All valid points but all also painfully predictable and well known. So the charges aren't particularly new or revealing, even as the great flow of anecdotes are well designed to make you especially anxious and frustrated. I would expect tons of air time for the duo, lots of op-eds bemoaning the details revealed, and the usual congressional grumblings.
But not a lot of positive action in reply.
Two bits caught my eye:
The overload of hourly, daily, weekly, monthly and annual reports is actually counterproductive, say people who receive them. Some policymakers and senior officials don't dare delve into the backup clogging their computers. They rely instead on personal briefers, and those briefers usually rely on their own agency's analysis, re-creating the very problem identified as a main cause of the failure to thwart the attacks: a lack of information-sharing.
This is why briefers ruled before 9/11 and it's why they still rule. The flow of info is too great for the system to handle.

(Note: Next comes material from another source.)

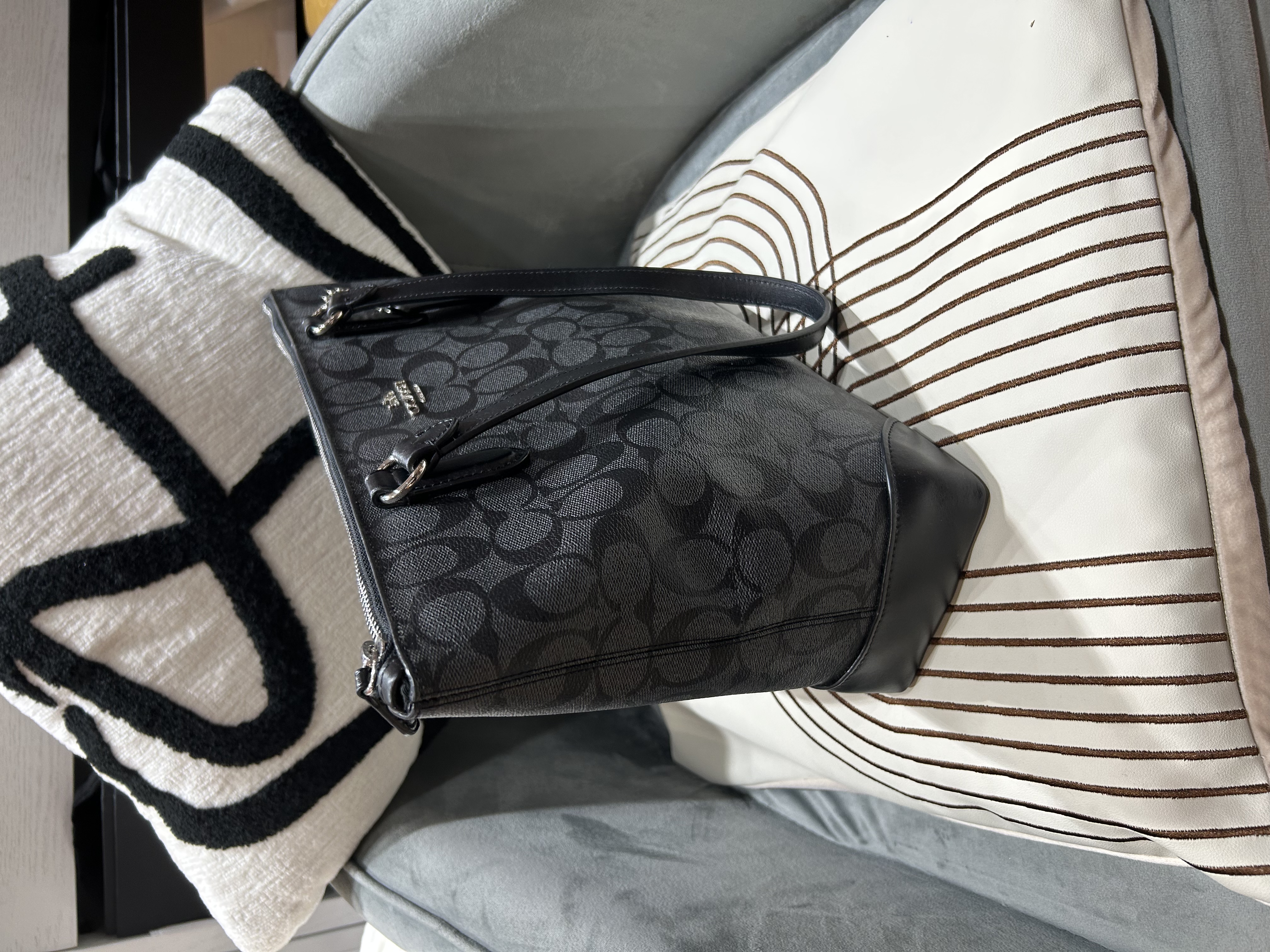 Coach tote bag shoulder bag Black 100%Authentic ,95%new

So the "just-tell-me-what-I-need-to-know-right-now" principal relies primarily on whomever does the all-purpose daily or weekly brief.

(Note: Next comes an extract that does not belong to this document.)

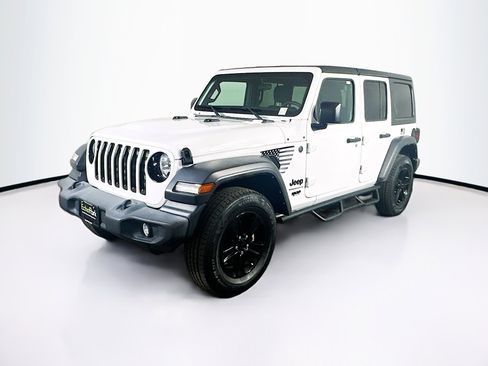 Used 2023 Jeep Wrangler Unlimited Sport AWD/4WD image 3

Second, befitting all "electronic-Pearl-Harbor-is-right-around-the-corner" media flow:
And all the major intelligence agencies and at least two major military commands claim a major role in cyber-warfare, the newest and least-defined frontier.
"Frankly, it hasn't been brought together in a unified approach," CIA Director Panetta said of the many agencies now involved in cyber-warfare.

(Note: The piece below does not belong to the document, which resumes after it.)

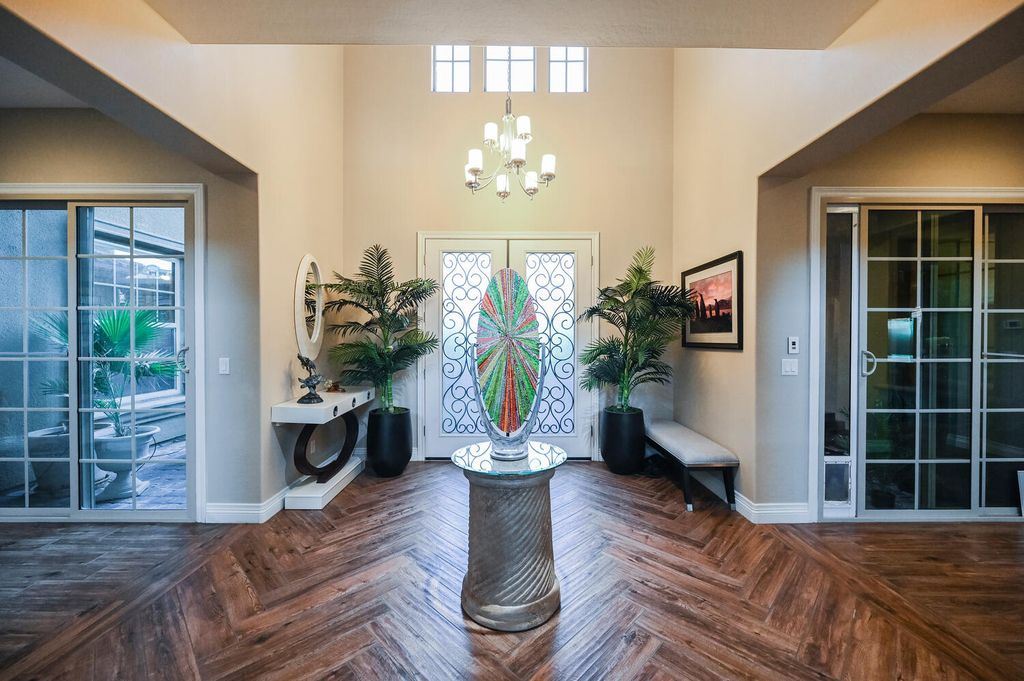 7 Eagle Knoll Court, Las Vegas, Nevada is truly a private resort located in the prestigious Southern Highlands Golf Club and closed to shopping, dining and has easy freeway access.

"Cyber is tremendously difficult" to coordinate, said Benjamin A. Powell, who served as general counsel for three directors of national intelligence until he left the government last year. "Sometimes there was an unfortunate attitude of bring your knives, your guns, your fists and be fully prepared to defend your turf." Why? "Because it's funded, it's hot and it's sexy."
This is why the problem, which existed long before 9/11, gets worse inexorably over time: the latest crisis du jour becomes simply the newest layer of effort added on top of all the rest (in PNM, this was my explanation for how America's "national security interests" mushroom over time). Nobody and nothing ever get downgraded or truly eliminated because, once created, they take on a life of their own, with all sorts of bureaucrats and contractors protecting their programs. My favorite example is missile defense, which is now being touted in op-eds as our great response to North Korea and Iran. Not exactly how it started out, but heh, you work with what life gives you.
I don't mean to pooh-pooh the piece, which is very good and certainly rare enough in these days of tight budgets in the MSM. I just find the target too easy and too big, and, as I said above, I don't think this kind of reporting stands much chance of having any real impact because the whole long war mindset regarding transnational terrorism is too strong to crack right now, both for legitimate and illegitimate reasons. Everybody will decry all right, but nothing will be done. Even with the push to cut defense by untold billions over the next X years, a lot of this stuff will remain sacred.
And that's a shame, but the reporting here is all accurate. It's too big, too redundant, and too useless to justify the resource diversion. The investment should be in resilience in the face of bad things happening in this complex world, not intelligence fantastically tasked with preventing bad things from happening in the first place. There's real money to be made in the former, and way too much to be wasted on the latter.